Je me raclai la gorge et essayai à nouveau. Cette fois, j'obtins une réponse.

"Un loup-garou ! Qu'est-ce qu'un loup-garou fait ici ?"

"Je pensais avoir été assez clair là-dessus, elle est ici parce que sa mère était autrefois la reine des vampires, ce qui signifie, techniquement, qu'elle est la dernière des royaux."

"Monstre de race mixte !" cria la femme légèrement hâlée aux yeux marron.

"Oh, tais-toi Katherine." commença Sébastien, me faisant faire un double take. "Et où est ton fils, Xavier ?"

Son fils ? Il me vint alors à l'esprit que ces personnes étaient les parents des deux hommes contre lesquels on m'avait demandé de rester sur mes gardes, ce qui était effrayant étant donné leur apparence jeune. Ils semblaient tous avoir le même âge. Était-ce la conséquence de l'éternité ? Paraître si jeune ? Si c'était le cas, l'avais-je hérité aussi ?

La femme, maintenant connue sous le nom de Katherine, resta silencieuse, tandis que la rousse prit sa place. "Tu ne peux pas vraiment t'attendre à ce que les vampires fassent d'un... hybride leur reine. C'est dégoûtant ! Nous n'acceptons que les sang-purs."

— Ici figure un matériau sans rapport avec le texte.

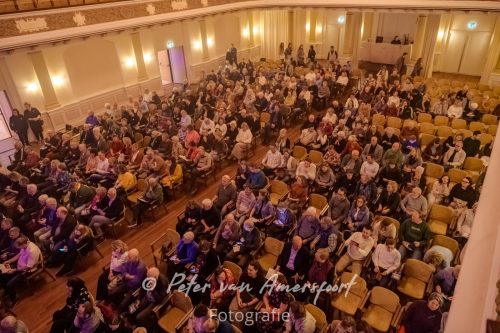 Vrij - najaars concert Musis - Philharmonie Gelre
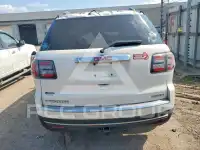 2014 GMC ACADIA фото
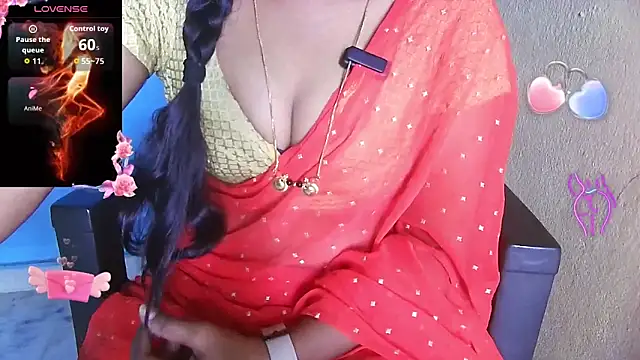 Telugu_bj_star's Live XXX Chat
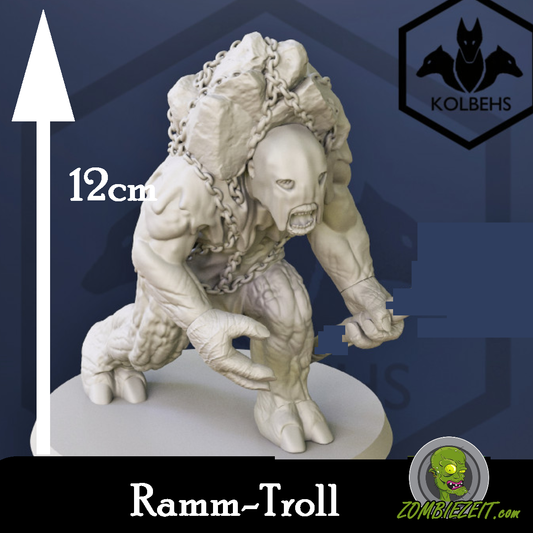 Ramm-Troll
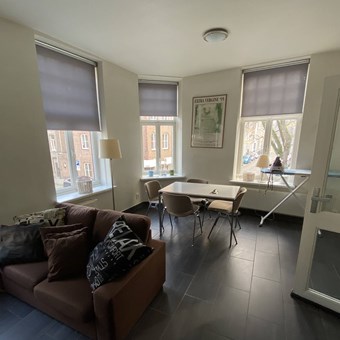 Maastricht, Hoogbrugstraat, 2-kamer appartement - foto 3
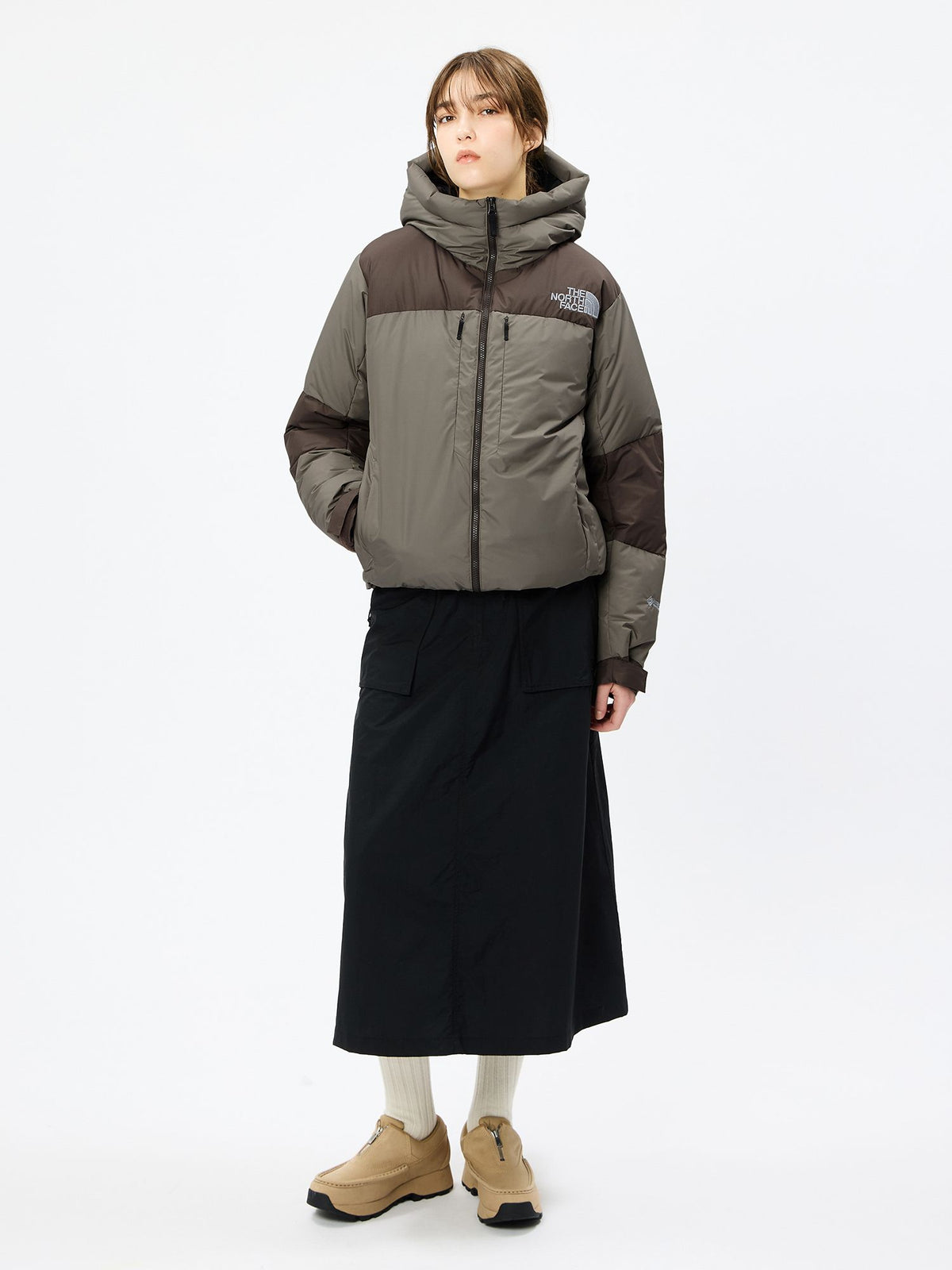 THE NORTH FACE(ザ・ノース・フェイス) ｜バルトロスリークライトジャケット（ユニセックス）｜品番：ND92652｜画像13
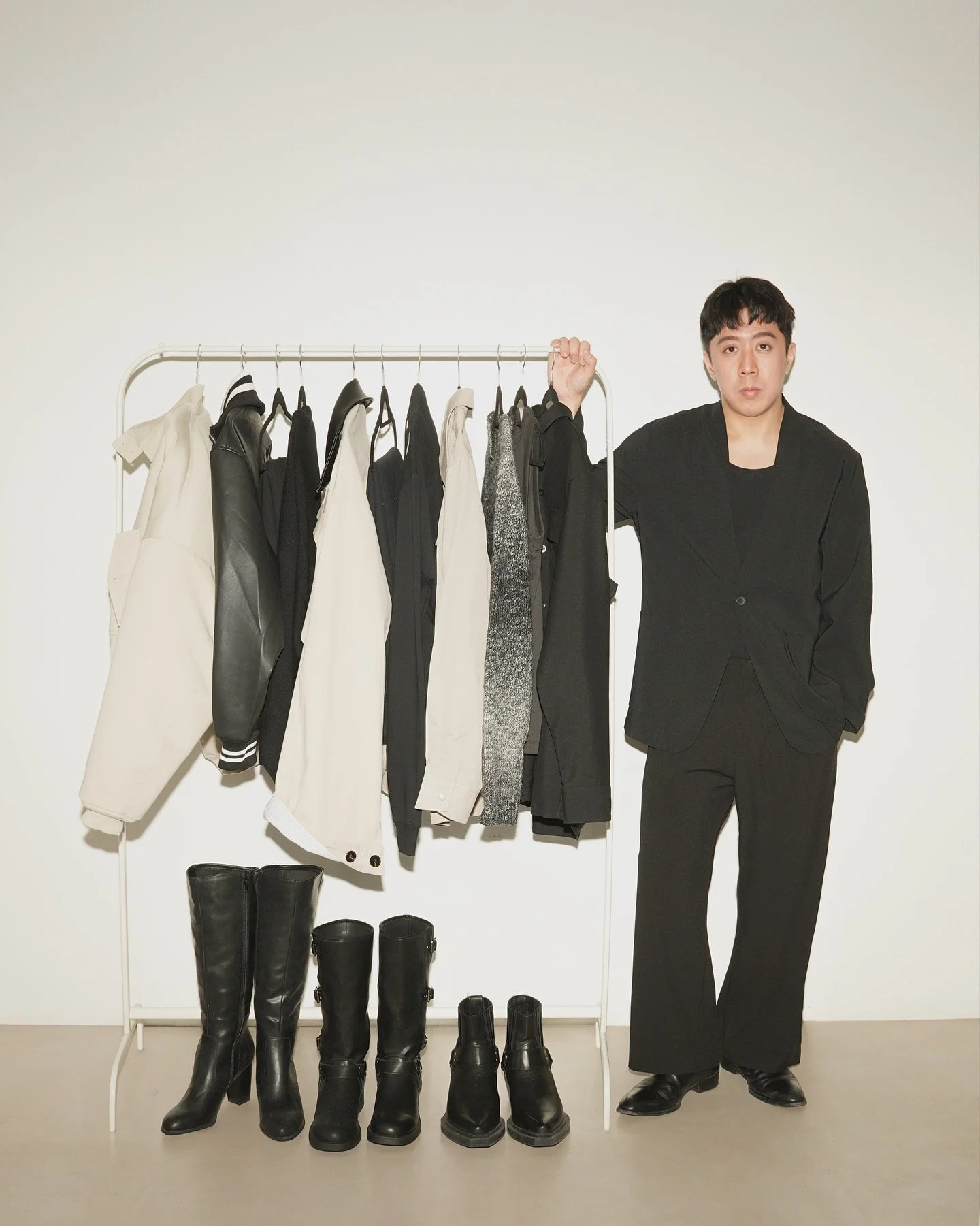 Excited to share that I&rsquo;ll once again be part of the Creatives&rsquo; Closet Sale this weekend. This time, I&rsquo;m bringing a more refined curation of pieces, some fresh from Paris. See you there!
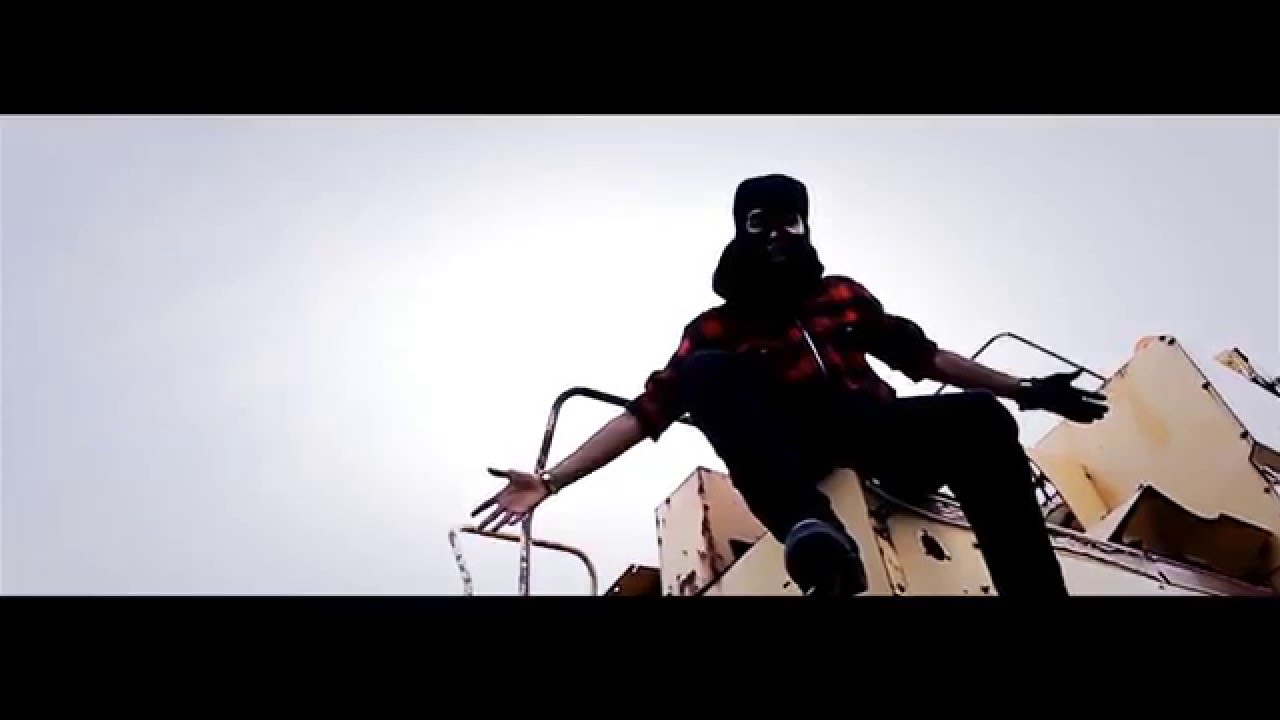LWind - Ana Ol'Wind ft. Proof G. Killah (Official Music Video)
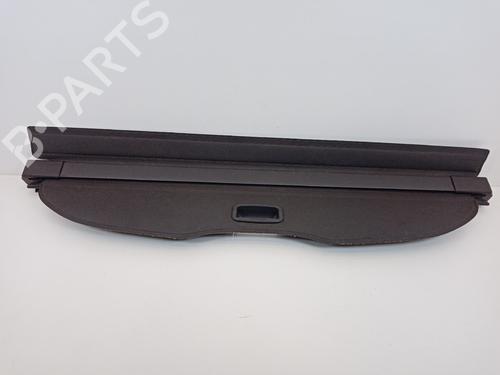 Used Rear parcel shelf Rear parcel shelf FORD FOCUS III Turnier 1.6 TDCi (115 hp) 22133308 22133308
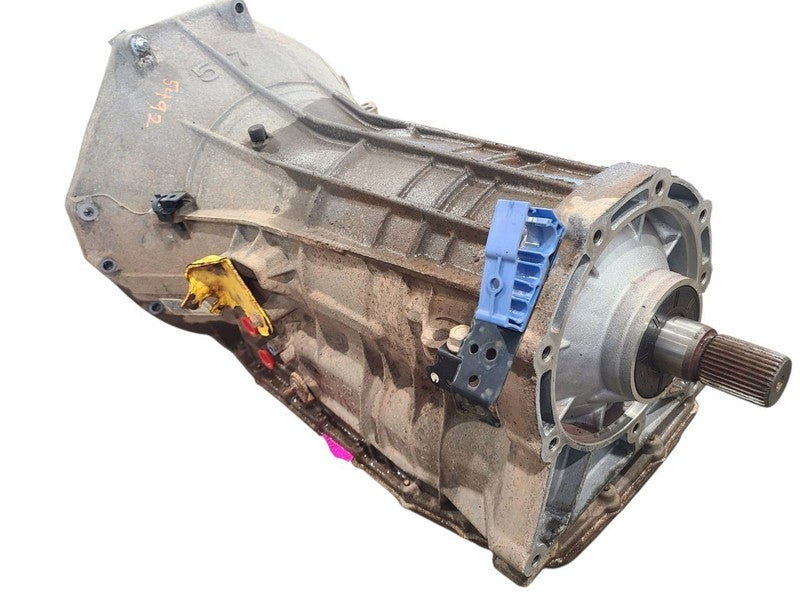 Automatic Transmission 6 Speed 6R80 5.0L Fits 11-14 FORD F150 PICKUP 6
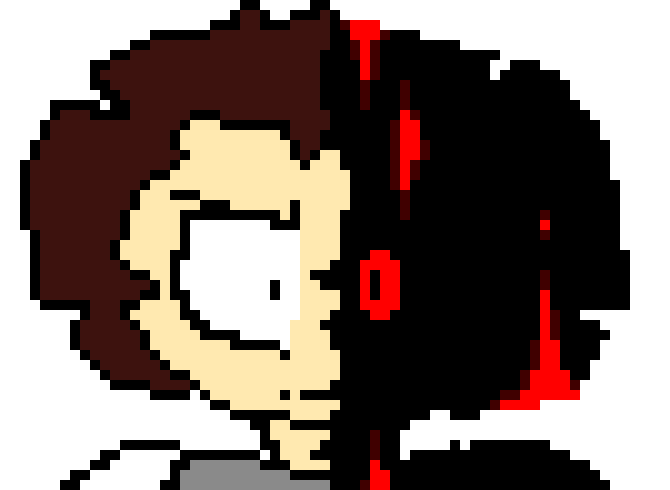 [0535a6] He blocked the blast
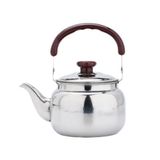 Chaleira De Aço Inoxidável Espessa, Indução De Som Para Piano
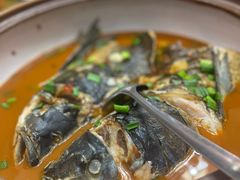 -千岛湖小鱼儿·淳安匠心农家菜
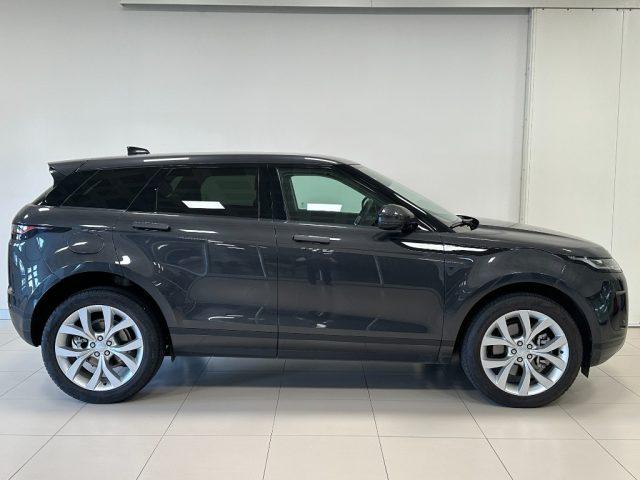 LAND ROVER Range Rover Evoque 2.0D I4 163 CV AWD Auto SE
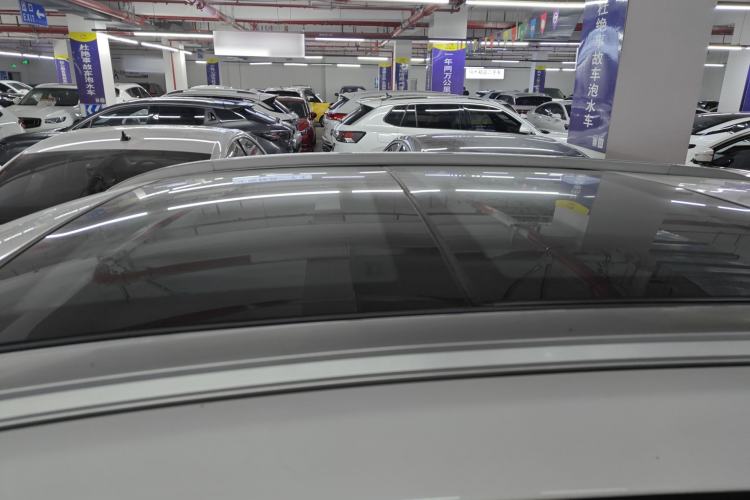 Used Soueast DX7 2017 1.5T Automatic Glory Edition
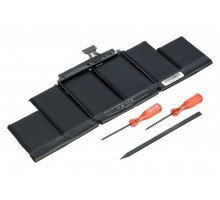 Аккумуляторная батарея Pitatel BT-1804 для ноутбуков Apple MacBook Pro 15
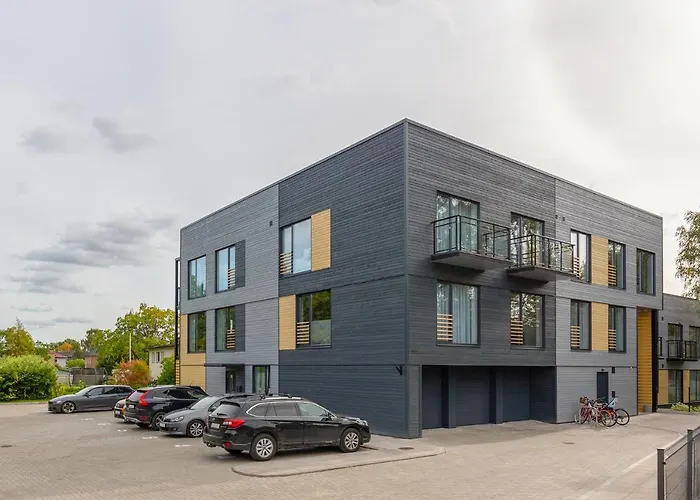 Tartukodu Narva Mnt 101a-1 * Tartu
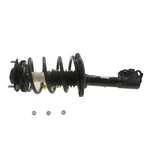 Kyb Complete Corner Unit Assembly -strut Mount And Spring SR4097 New. Price: $269.54.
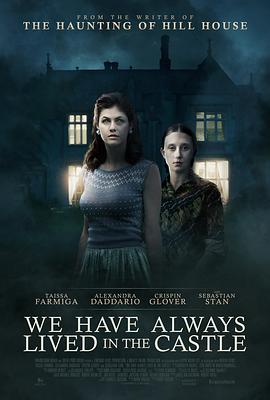 我们一直住在城堡里.We.Have.Always.Lived.in.the.Castle.2018.HD1080P.X264.AAC.English.CHS-ENG.Mp4Ba.torrent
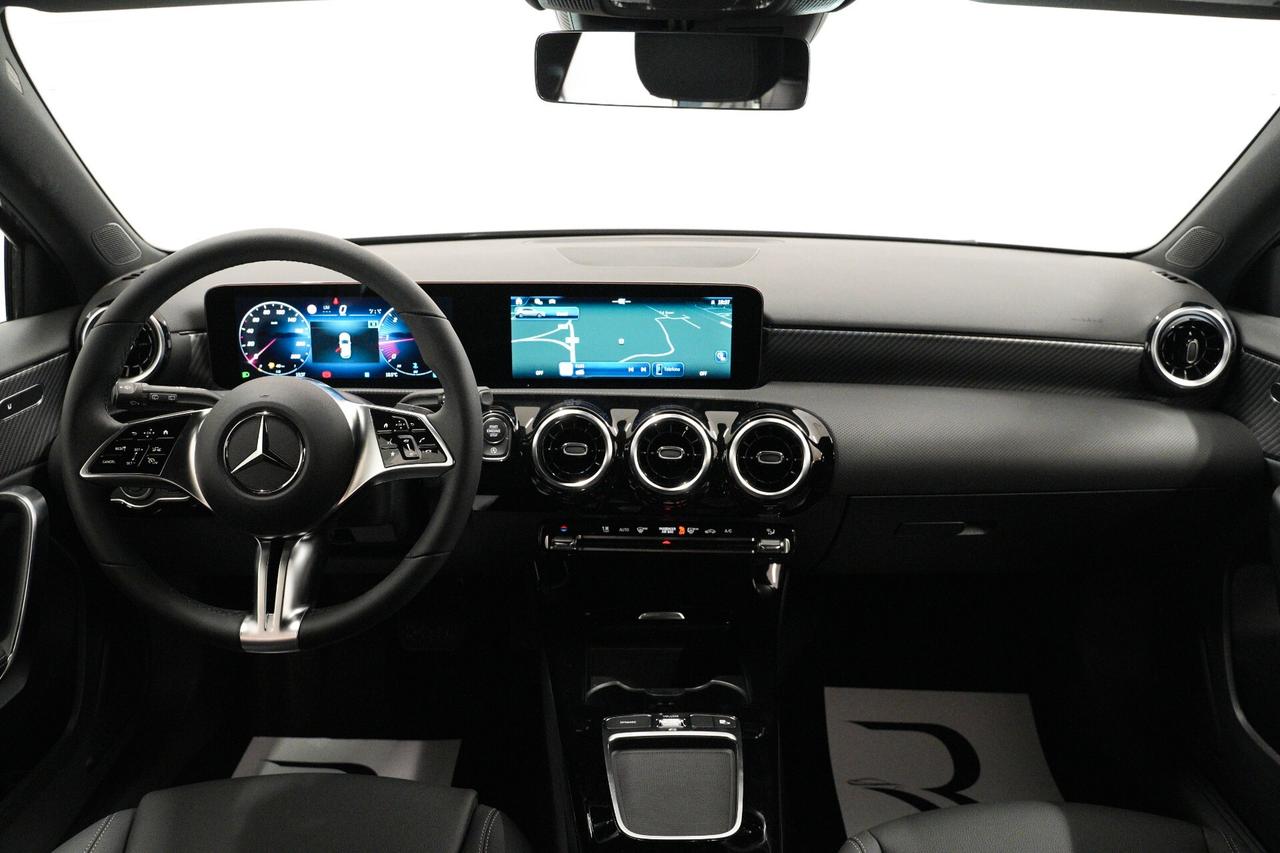Mercedes-benz A 180 d Automatic Business Extra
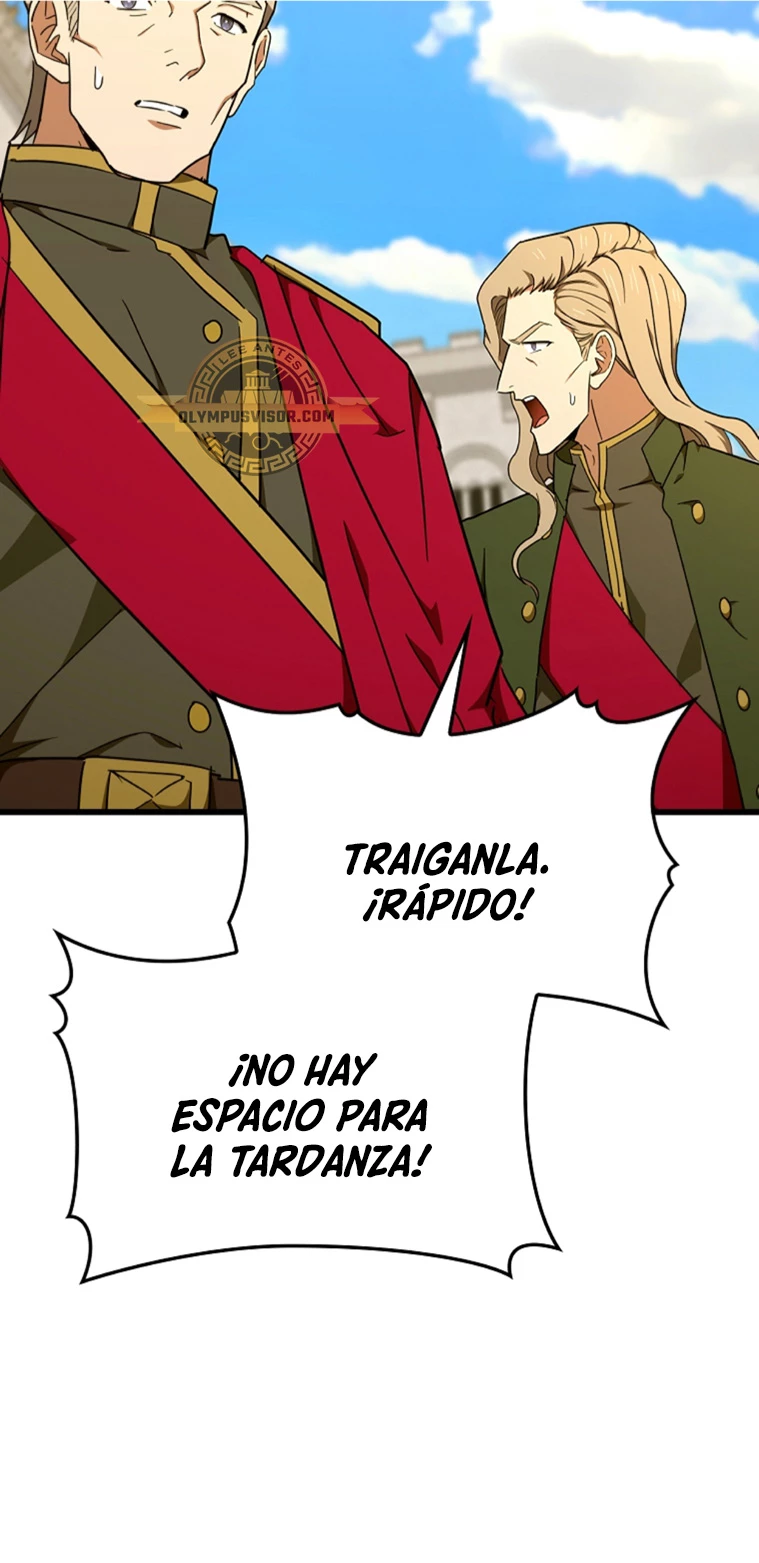 Al demonio con ser un santo, soy un medico Capitulo 83 página 13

"Non, Delilah. Vous n'acceptez que les petites limaces étroites d'esprit et avides. C'est ce qui vous a gardé dans votre petit cocon confortable." L'homme à côté d'elle, que je devais maintenant supposer être Liam Howard, rit de cela, ainsi que de l'expression faciale de sa mère.

"Surveille ta langue et connais ta place, Sébastien." dit l'homme que je supposais être le père de Liam d'un ton bas et avertissant.

Sébastien me guida jusqu'à la table, tira une chaise pour moi et une pour lui-même et dit, "Je connais ma place. Elle est juste à côté de cette jeune femme."